Severe weather inundated the state during the first week of May, including multiple EF1 and EF2 tornadoes, heavy rainfall, hail and flooding. Northeastern Oklahoma was most impacted by flooding, while central Oklahoma saw most of the tornadic activity.
Residents, relief organizations and volunteers are coming together to clean up damage and help those in need.
By the numbers: Oklahomans impacted by May severe weather
In the first week of May, Oklahoma saw 12 tornadoes touch down in central and eastern parts of the state. Of those, four have an unknown rating on the EF scale, six were given an EF1 rating and two were EF2 tornadoes.
The tornado that struck Seminole on Wednesday night left EF2 damage, according to the National Weather Service. That tornado was nearly a mile wide, had multiple vortexes and its path totaled 31 miles.

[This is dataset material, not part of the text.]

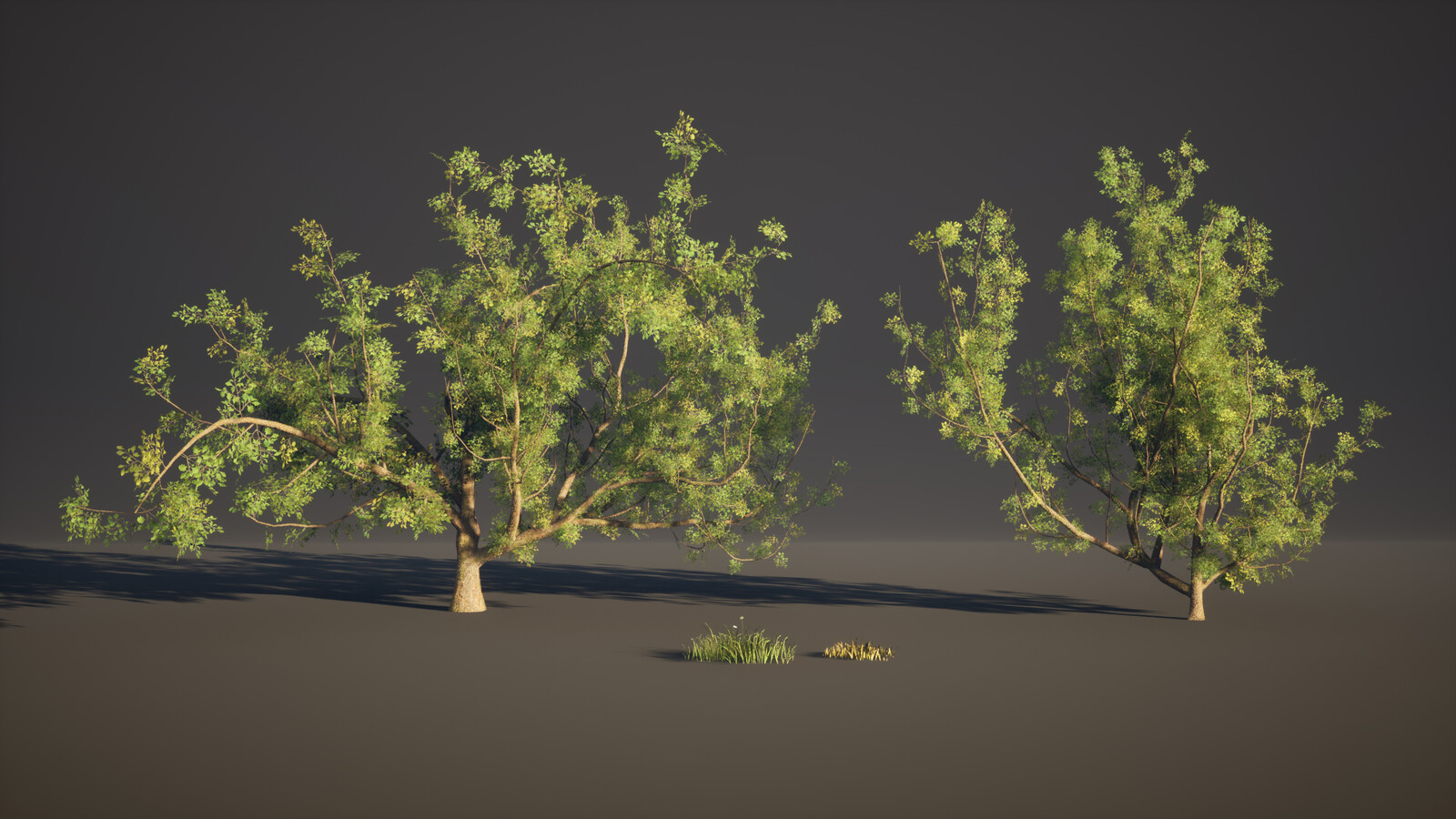 Trees Created in speedtree.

Also on Wednesday, Earlsboro was hit by an EF1 and an EF2 tornado, leaving damage to a family ranch and Earlsboro Public Schools.
More than 16,000 Oklahoma Gas and Electric Co. customers were without power by 9:30 p.m. Monday night. After Wednesday’s storms, more than 7,600 customers didn’t have power.

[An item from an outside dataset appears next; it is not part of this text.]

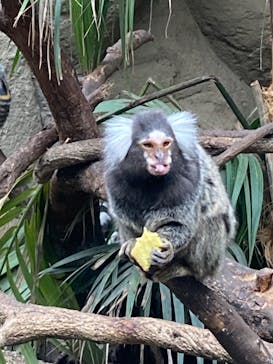 那須どうぶつ王国に投稿された画像（2022/9/1）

That number was down to 2,400 customers in Seminole and Earlsboro as of 12:45 p.m. Friday. Damage from the storm impacted 180 poles, 48 transformers and 55,000 feet of wire, according to OG&E.

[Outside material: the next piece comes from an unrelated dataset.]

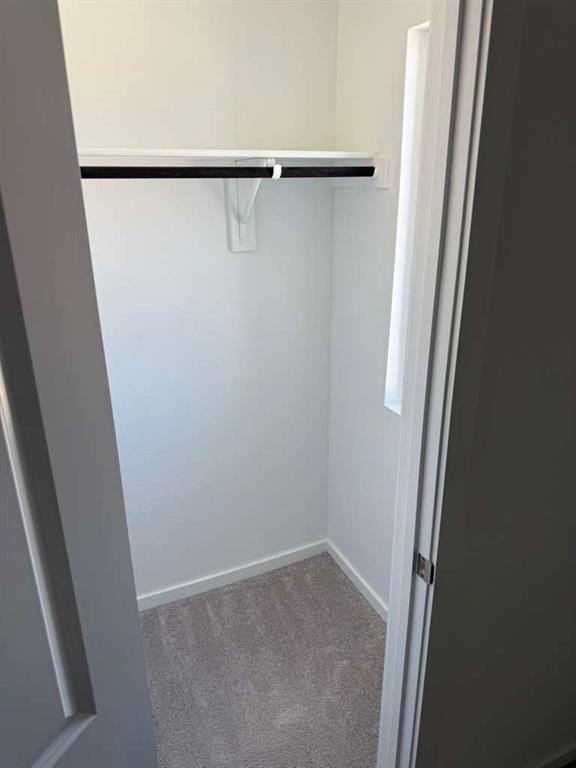 12128 Thoroughbred Dr - Photo 5 of 7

There were 21 storm-related injuries reported as of 7 p.m. Thursday night, according to the Oklahoma Emergency Management Department, including five cuts, 10 falls and six transportation-related injuries.
At least five homes in Pottawatomie County were damaged from Wednesday’s storms, but Seminole County officials still were assessing damage Friday.
In eastern Oklahoma, the weather took a different turn. Homes were flooded, and roads were closed due to high water.
Two fire trucks were damaged during water rescues in Muskogee. Between 30 and 40 homes in Bixby were evacuated due to the flooding of Snake Creek.
The Environmental Quality Department reported an impact to three public water systems and one public wastewater system.
What support is available for Oklahomans with tornado or flooding damage?
Help is available for those with storm damage from multiple organizations.
The following Red Cross of Oklahoma shelters are open:
- Kelly Haney Center, Seminole State College, 35390 State Highway 9, Seminole
- New Beginnings Church, 4104 E 151st Street S, Bixby
- First United Methodist Church, 600 E Okmulgee, Muskogee
The Salvation Army is providing food in Seminole and Bixby, and the Southern Baptist Disaster Relief has a kitchen set up at First Baptist Church in Seminole.
The city of Seminole was distributing supplies, including water, gloves, tarps, batteries, flashlights and plywood, on Friday for those affected by the storm.
Any Seminole homeowners needing help with chainsaw work, roof tarping or debris cleanup can contact the Samaritan’s Purse at 580-374-5819.
The city of Muskogee is offering its bulk waste pickup service for free as residents assess flood damage.
How to help
Volunteers are welcome in Seminole, including for Samaritan’s Purse, which will start orientation for volunteer work everyday at 7:30 a.m. and 12:30 p.m. at Immanuel Fellowship Church starting Monday.
To find out more about volunteering with Samaritan’s Purse, call 580-374-5817.
A Go Fund Me page has collected nearly $14,000 in donations for The Academy of Seminole, a charter school that sustained damage from Wednesday’s tornado.